Не менее парадоксальны ситуации фатического общения, прямо противоположные исповедальным. Чехов гиперболизирует свойство бытового диалога — постоянное перетекание фатического и информативного дискурсов друг в друга. Внешне безупречно целенаправленная речь часто имеет у Чехова фатическую подоплеку, причем «общение для общения» подчиняет себе информативную речь и лишает ее смысла. Любой серьезный разговор всегда может соскользнуть в сторону фатики. «Разговор ни о чем» не регулирует эмоции и не поддерживает отношения, а наоборот — выводит человека из себя. Фатическая речь, лишенная, по идее, страсти и направленности, у Чехова часто таковой не является, она становится непредсказуемой и может иметь серьезные последствия.

Жизнь человека у Чехова ритуализована, и отношение к ритуалу оказывается парадоксальным: герои воспринимают ритуал как мучение, но не мыслят свою жизнь вне ритуала. Бытовые ритуалы фатического характера, призванные поддерживать контакт между людьми, только отчуждают их друг от друга и от самих себя. Альтернатива, часто стоящая перед героями, — это либо участвовать в таком общении и лгать, либо отказаться от контакта с людьми. Но и сама возможность элементарного контакта в этом мире далеко не гарантирована.

Сосредоточенность Чехова на коммуникативной проблематике проявляется и в том, что чеховский диалог часто в гораздо большей степени приближен к реальности бытового диалога, чем это было ранее в реалистической литературе. Диалог здесь не создает иллюзию завершенности и отдельности каждой реплики, отмеченной беззвучным dixi. Поэтому общение оказывается нестабильным, оно может быть прервано в любую секунду, ему препятствуют косноязычие героев, лишние жесты, слова-паразиты, повторы, остановки в речи и мн. др. Многие «случайностные» детали в чеховских текстах могут быть объяснены как препятствия для коммуникации или как «коммуникативные раздражители», что говорит о самостоятельности коммуникативной темы у Чехова. Общение происходит на фоне привычного для героев «шума жизни», который умеет расслышать только автор. Обычно этот шумовой фон предстает назойливым, тоскливым, оскорбительным или неприятным для человека. В то же время «шумовые» детали, затрудняющие контакт, самодостаточны: они могут работать на сюжетные мотивы, но их нельзя соотнести напрямую с авторской идеологемой, как это всегда было в дочеховской литературе. В редкие моменты шум, особенно «природный», может выступать и как альтернатива безнадежной коммуникации: он может помимо и поверх слов «говорить» повествователю и герою о времени историческом, доисторическом и сверхисторическом. Именно в таких случаях уровень восприятия героя, его чувствительность приближается к авторской. Контакту препятствует не только внешние, но и внутренние факторы: сильная эмоциональная увлеченность героя или полное отсутствие эмоциональной заинтересованности в общении. Постоянную эмоциональную заинтересованность чеховский герой испытывает только к одному собеседнику — самому себе.

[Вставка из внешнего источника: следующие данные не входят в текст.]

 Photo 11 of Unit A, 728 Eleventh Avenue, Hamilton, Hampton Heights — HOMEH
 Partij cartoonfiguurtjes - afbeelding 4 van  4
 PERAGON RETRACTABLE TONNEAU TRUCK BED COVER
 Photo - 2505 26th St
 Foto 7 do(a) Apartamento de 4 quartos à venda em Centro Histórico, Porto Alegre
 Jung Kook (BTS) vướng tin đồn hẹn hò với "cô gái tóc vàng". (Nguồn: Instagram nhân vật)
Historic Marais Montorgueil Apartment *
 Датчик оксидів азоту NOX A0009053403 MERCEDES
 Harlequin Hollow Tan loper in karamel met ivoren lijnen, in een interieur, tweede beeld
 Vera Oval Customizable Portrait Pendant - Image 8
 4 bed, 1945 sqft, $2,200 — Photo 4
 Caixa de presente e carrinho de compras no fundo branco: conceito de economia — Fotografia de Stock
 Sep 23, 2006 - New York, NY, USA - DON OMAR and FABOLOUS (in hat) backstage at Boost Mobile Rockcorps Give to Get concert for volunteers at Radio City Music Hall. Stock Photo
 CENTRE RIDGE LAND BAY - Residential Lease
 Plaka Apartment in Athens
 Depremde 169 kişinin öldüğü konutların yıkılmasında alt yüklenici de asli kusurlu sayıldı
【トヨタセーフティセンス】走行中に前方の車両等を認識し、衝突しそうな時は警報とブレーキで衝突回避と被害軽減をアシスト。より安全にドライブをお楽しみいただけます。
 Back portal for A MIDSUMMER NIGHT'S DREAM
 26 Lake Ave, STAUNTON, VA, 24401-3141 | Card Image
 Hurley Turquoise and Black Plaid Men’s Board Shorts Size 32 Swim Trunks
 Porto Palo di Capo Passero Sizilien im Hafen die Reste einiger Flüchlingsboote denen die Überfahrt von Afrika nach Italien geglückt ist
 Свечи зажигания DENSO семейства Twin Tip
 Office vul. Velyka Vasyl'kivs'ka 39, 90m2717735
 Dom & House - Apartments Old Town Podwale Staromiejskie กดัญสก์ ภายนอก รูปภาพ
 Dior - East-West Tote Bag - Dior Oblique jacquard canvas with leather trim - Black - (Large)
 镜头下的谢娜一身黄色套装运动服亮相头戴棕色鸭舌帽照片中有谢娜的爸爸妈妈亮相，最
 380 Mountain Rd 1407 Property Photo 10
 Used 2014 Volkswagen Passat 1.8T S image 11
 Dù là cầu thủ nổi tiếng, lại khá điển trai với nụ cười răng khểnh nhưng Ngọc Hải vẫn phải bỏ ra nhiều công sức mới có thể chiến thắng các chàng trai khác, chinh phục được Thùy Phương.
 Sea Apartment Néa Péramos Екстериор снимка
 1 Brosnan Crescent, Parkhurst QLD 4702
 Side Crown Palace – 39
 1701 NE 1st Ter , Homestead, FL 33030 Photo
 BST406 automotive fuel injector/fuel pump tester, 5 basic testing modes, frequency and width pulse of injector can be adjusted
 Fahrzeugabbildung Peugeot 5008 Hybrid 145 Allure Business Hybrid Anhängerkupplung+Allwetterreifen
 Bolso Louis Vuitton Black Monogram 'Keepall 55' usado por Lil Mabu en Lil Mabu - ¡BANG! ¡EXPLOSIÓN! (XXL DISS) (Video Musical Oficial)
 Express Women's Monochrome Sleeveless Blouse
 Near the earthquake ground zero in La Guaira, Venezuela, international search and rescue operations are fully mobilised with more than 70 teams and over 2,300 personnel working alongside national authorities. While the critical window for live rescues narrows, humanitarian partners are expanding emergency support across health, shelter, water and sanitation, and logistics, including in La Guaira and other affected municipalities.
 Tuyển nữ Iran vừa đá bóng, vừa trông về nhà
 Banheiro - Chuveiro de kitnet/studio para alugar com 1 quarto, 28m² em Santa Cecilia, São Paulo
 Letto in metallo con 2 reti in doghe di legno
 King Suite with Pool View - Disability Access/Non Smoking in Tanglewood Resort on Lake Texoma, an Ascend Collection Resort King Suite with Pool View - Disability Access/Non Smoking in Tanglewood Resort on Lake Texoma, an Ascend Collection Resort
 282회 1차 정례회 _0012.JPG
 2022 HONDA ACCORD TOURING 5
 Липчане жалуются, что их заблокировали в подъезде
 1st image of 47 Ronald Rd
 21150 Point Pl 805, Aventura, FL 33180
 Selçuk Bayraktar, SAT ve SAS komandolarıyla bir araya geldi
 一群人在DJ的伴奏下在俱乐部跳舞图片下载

Но несмотря на все препятствия, коммуникация у Чехова все-таки часто осуществляется: полный провал коммуникации сделал бы текст нечитаемым или лишил бы его правдоподобия. О Чехове можно сказать, что он нашел ту тонкую грань, на которой у читателя уже нет чувства, что перед ним литературная условность, но еще нет чувства, что это — формальный эксперимент. Степень условности при изображении коммуникации у Чехова — гораздо меньшая, чем в предшествующей и последующей литературе, а препятствия для общения — гораздо более серьезны и глубоки.

На фоне всех перечисленных трудностей, стоящих перед успешной коммуникацией, тем большую ценность и интерес представляют редчайшие у Чехова случаи «чуда взаимопонимания» между людьми. Однако при пристальном чтении этих редких «гармонических» текстов или эпизодов все оказывается не так просто. Контакт возникает за пределами языка, как подача «сигнала существования» — «Я есмь». Он вызывает эмоциональный отклик, но не становится успешным в качестве вербального сообщения, принятого адресатом. Контакт лишен полноты и непосредственности, в чеховском мире он осуществим только как некий эмоциональный проблеск у людей, которых объединяет горе и несчастье. В поздних, наиболее глубоких текстах сама оппозиция контакт / отчуждение неприменима к взаимоотношениям героев: текст Чехова не принимает на веру тех позитивных коннотаций, которыми наделено слово «контакт» в языке, и фактически разрушает его строгое противопоставление «отчуждению». Из этого следует если не решение, то, по крайней мере, объяснение «чеховской загадки» — разноголосицы прямо противоположных интерпретаций чеховских текстов. В произведениях Чехова, особенно поздних, заложена некая сопротивляемость интерпретации как процессу перевода и упорядочивания, они амбивалентны и парадоксальны в каждом атоме своей коммуникативной структуры, и потому не допускают безусловных оценок происходящего.

Последний вывод базируется не только на анализе рассказа «Архиерей». На протяжении всей книги мы отмечали те особенности чеховской коммуникации, которые способствуют неоднозначности прочтения его текстов: это отсутствие мотивировок при трансформации речевых жанров; отрицание самого существования противоположности при такой трансформации; множественность трудноуловимых коннотаций «опустошенного» знака, которые обеспечивают разнообразие расходящихся интерпретаций; возможность прямо противоположной оценки познавательных заблуждений героев; отрицание бинарной логики; постоянное расхождение познания, этики и эстетики, которое позволяет читателю акцентировать только одну из этих сторон, и мн. др.

По всей видимости, мы не решили «чеховской загадки», но постарались показать всю ее глубину и парадоксальность. Представленная в этой книге концепция чеховского творчества, к сожалению, не может быть свернута к одному яркому и запоминающемуся определению, как «случайностная» концепция А.П. Чудакова, «гносеологическая» концепция В.Б. Катаева или «антииерархическая» концепция И.Н. Сухих. Наши выводы, скорее, можно представить как ряд взаимосвязанных констант, охватывающих все факторы коммуникации, природу знака и главные интерсубъективные категории в изображенном Чеховым мире. Мы не будем в качестве заключительного аккорда давать некое единое определение доминанты чеховской поэтики. Если понятие проблем коммуникации у Чехова по прочтении этой книги кажется читателю глубже, чем он думал раньше, то мы считаем свою задачу выполненной.